STUMP » Articles » Central States: I Guess the Plan is To Run Out of Money » 22 May 2016, 07:31

Where Stu & MP spout off about everything.

Central States: I Guess the Plan is To Run Out of Money  

by

22 May 2016, 07:31

How else to take this story:

Pensions may be cut to ‘virtually nothing’ for 407,000 people

One of the biggest private pension funds in the country is almost out of money, and fresh out of options.
The Central States Pension Fund has no new plan to avoid insolvency, fund director Thomas Nyhan said this week.

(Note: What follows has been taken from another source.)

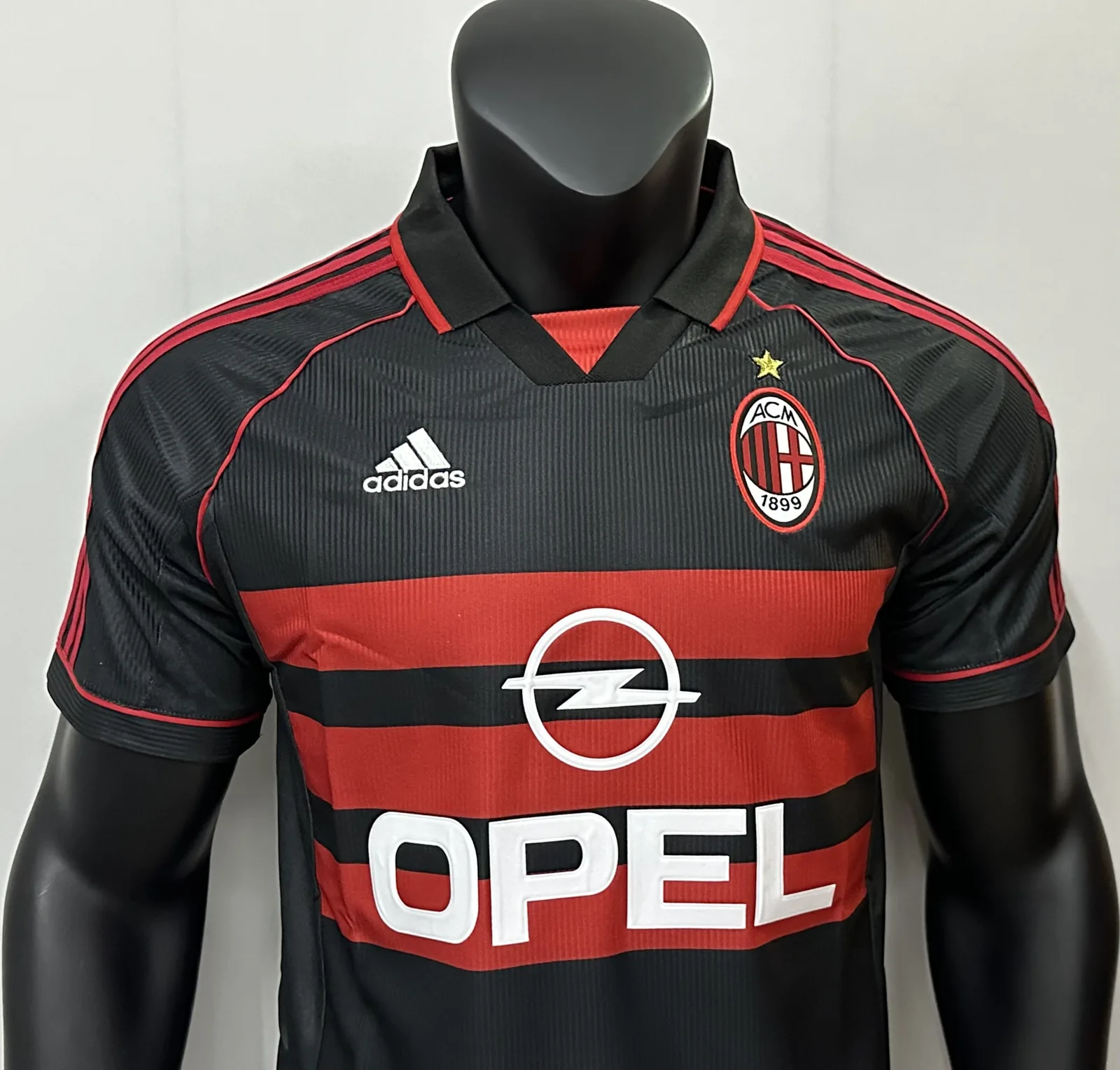 98/99 red and black AC away game — 2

Without government funding, the fund will run out of money in 10 years, he said.

At that time, pension benefits for about 407,000 people could be reduced to “virtually nothing,” he told workers and retirees in a letter sent Friday.

In a last-ditch effort, the Central States Pension Plan sought government approval to partially reduce the pensions of 115,000 retirees and the future benefits for 155,000 current workers. The proposed cuts were steep, as much as 60% for some, but it wasn’t enough. Earlier this month, the Treasury Department rejected the plan because it found that it would not actually head off insolvency.

The fund could submit a new plan, but decided this week that there’s no other way to successfully save the fund and comply with the law. The cuts needed would be too severe.

Treasury explicitly said not enough was cut.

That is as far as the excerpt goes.